Discussion in 'Journalism topics only' started by sgreenwell, May 28, 2011.

  1. goalmouth

    goalmouth Well-Known Member

    Can someone explain this from Dept. of Labor? What, then, is the intern supposed to do? Chase butterflies?

    "The employer that provides the training derives no immediate advantage from the activities of the intern; and on occasion its operations may actually be impeded"
     
  2. PCLoadLetter

    PCLoadLetter Well-Known Member

    It fits at my shop. Like I said, an intern may write stories in my newscast, but it's taking away time I would be spending doing my job, and it would be easier for me to write the stories myself. So, the intern is learning, but I'm not gaining any advantage, and my normal work is impeded.

    One other thing to toss into this...

    From a purely practical standpoint, remember that requiring that internships will be paid is effectively the same as eliminating 90% of internships -- and that's probably a conservative estimate. My internship was 9 months, probably close to 25-30 hours a week, for a grand total of 3 credits. The day it ended I was hired for my first job in the business. There is no way in hell that station would ever pay an intern. That internship was the only thing in my college career that even remotely prepared me to work in the business. Without it I would have been screwed.
     
  3. dirtybird

    dirtybird Well-Known Member

    Mr. LoadLetter

    In all fairness, interning for tv and print are different beasts. From my own experience, TV was a lot more about learning/guidance/whatever. Print... well, the philosophy seemed more geared to learning by doing than any sort of instruction/feedback (and for that trouble I was paid a pittance).
     
  4. deskslave

    deskslave Active Member

    It's unfortunate that you don't give a crap about sticking up for yourself, but that's your problem. Where it becomes a lot of other people's problem is when they lose jobs for having the temerity to actually demand to be paid for working, the selfish bastards, and you get to stay on for being willing to sell yourself short because you're just happy to be there.
     
  5. YankeeFan

    YankeeFan Well-Known Member

    I don't understand how so many people whose default position is to support "diversity" measures and champion the causes of the poor can abandon these beliefs when it suits their needs.
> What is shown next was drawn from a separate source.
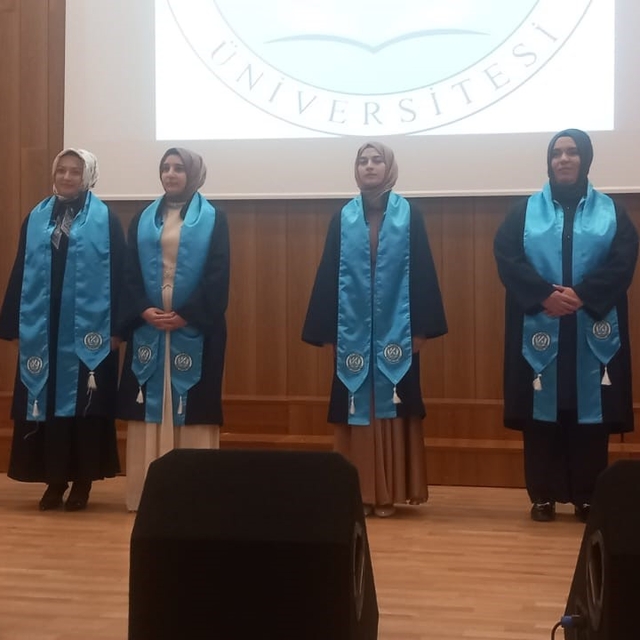 Tamamına yakınını kız öğrencilerin oluşturduğu fakültede mezuniyet coşkusu...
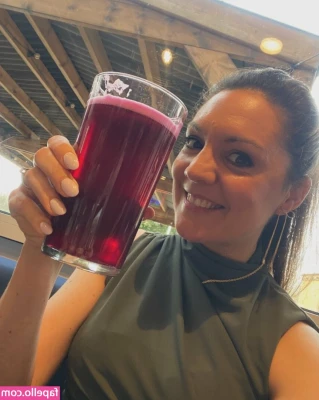 Laura Tobin [ laura-tobin ] - The shrinking-clit Chastity-threatment! 🔐  Second month: Sissy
    So, unpaid internships have worked out great for you? Great! I guess that means there's no issue here.

    And, there might be unintended consequences to ending them? No kidding.
     
  6. YankeeFan

    YankeeFan Well-Known Member

    Hear, hear.

    What you're endorsing is about 1/2 a step above being a scab.

    Outwork someone? Sure.

    Work for free to take their job away? No good.

    Agree to work for below the market rate? Nope.
     
  7. Look, I realize I'm not going to make many friends on here by telling you how I went about getting my job. But it worked. Can you blame a young journalist for doing what he thought he had to do to get a job in this economy? Because at the end of the day, I'm not going to lose any sleep over how I did it when nothing I did was unethical (even if it was a little naive or stupid).

    I was dealt a hand by the economy, the reality of the industry and the circumstances in play for me, and I played it.
     
  8. I worked for free as an intern. I'm in a full-time paid position now. So the notion that I'm working for free and taking someone's job away is laughable, at best. My work as an intern didn't take anyone's job away. In fact, I'm positive the people I worked with at that internship would universally agree I made their lives easier.
     
  9. deskslave

    deskslave Active Member

    We weren't referencing your internship -- at least I wasn't. We were referencing your work 80, get paid for 40 mentality.
     
  10. Fair enough. I'm glad you used the word mentality. That's all it is right now, since I don't actually have to work 80-hour work weeks at my current job. That said, I'd do it if I had to in order to keep my job.